Tuesday, July 6, 2010

In the Dark

The challenge of fiction writing boils down to this: what information to supply to readers, and when to supply it, by what means. How much does the reader need to know, versus how much he or she should be kept in the dark? Give the reader too much information, or give it too soon, and you kill any sense of suspense. Give too little, and you'll generate not suspense, but confusion. And though inexperienced authors routinely conflate the two, they aren't the same thing.

To describe what writers do, Frank Conroy—who, before his death in 2005 directed the famous Iowa Writer's Workshop for over 30 years—used the metaphor of a mountain. In writing fiction, we equip readers for a journey up a mountain. When they get to the top—assuming that they get there—they'll be rewarded with an expanded view of life (and even, if the book is really good, of the universe). But in order to get there they'll need certain things. The trick, Conroy explained, is to give readers everything they need to make the journey—compass, map, hardtack, water—but nothing unnecessary (yo-yo, kazoo, kaleidoscope), and nothing sooner than it's needed (telescope, champagne).

This opening generates a lot of what I call false suspense—the kind of suspense that has readers asking not what's going to happen next? but what the heck am I reading, and why? From the profusion of blood-drenched visions that the heroine suffers to the mystifying "U'Gen"—a term without meaning in my world and without explanation in the author's—it offers almost nothing but confusion.

Who is Rachael? Where is she? What is she doing there? When did those intruding thoughts of hers—the ones she is "grateful to be away from" in the first paragraph—intrude? During the long bus trip? And if indeed she has gotten away from them, then why, two paragraphs later, is she seized with a vision? Is this the same vision she's on her way to report? Do these visions pop "into the forefront of her thoughts with little prodding" or against her will? What, if any, is the relation between Rachael's visions and her mind's autonomous habit of drifting into other "open minds"? Those other minds—are they where Rachael's visions come from? We don't know. Nor can we be sure if Randall is the dying soldier in the vision, and if the "coveted item" he embraced with his dead arms is the family photograph mentioned later. As to the nature of the relation between Randall and Rachael, regarding that, too, we are left clueless.

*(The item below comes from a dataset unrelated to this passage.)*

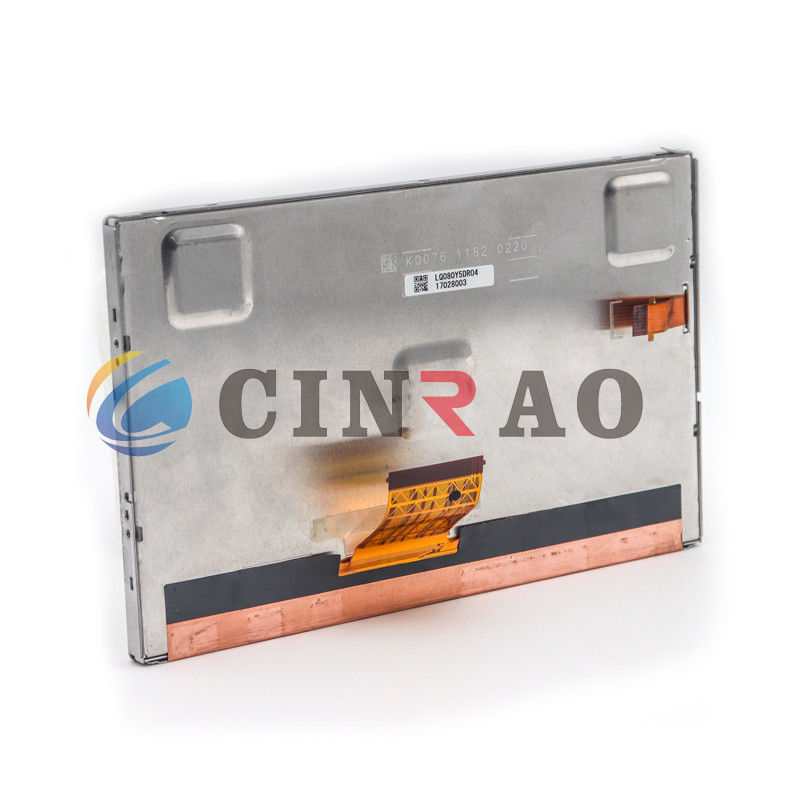 Tajam 8.0 "TFT LQ080Y5DR04 LCD Display Panel Layar Untuk Mercedes Benz Car GPS Navigasi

What we do know is that for reasons unclear Rachael is able to see into the future, and that that future is apocalyptic, with blood "leeching from . . . dead bodies" and "streets littered with glass and rubble." Then again, the story itself would seem to be set in a none-too-charming future in which U'gen cadets and "Visionary students" (author's capitalization) rehearse military strategy as they gear up for the coming apocalypse.

What partly does in this opening is a lack of contrast. Were they cast against a less dismal present Rachael's "horrifying" visions might indeed horrify; instead, they spill blood and darkness into a vision that is already dark, or at any rate murky. Just as, in her vision, "light filter[s] through the haze of dusk," in this opening as a whole very little light seeps through. All is hazy, dim, and obscure. Between Rachael's vision-addled mind and the author's own lack of clarity and precision (Is the school in Paragraph #1 a "looming remnant of an ancient society" or active and in session?), we are left completely in the dark.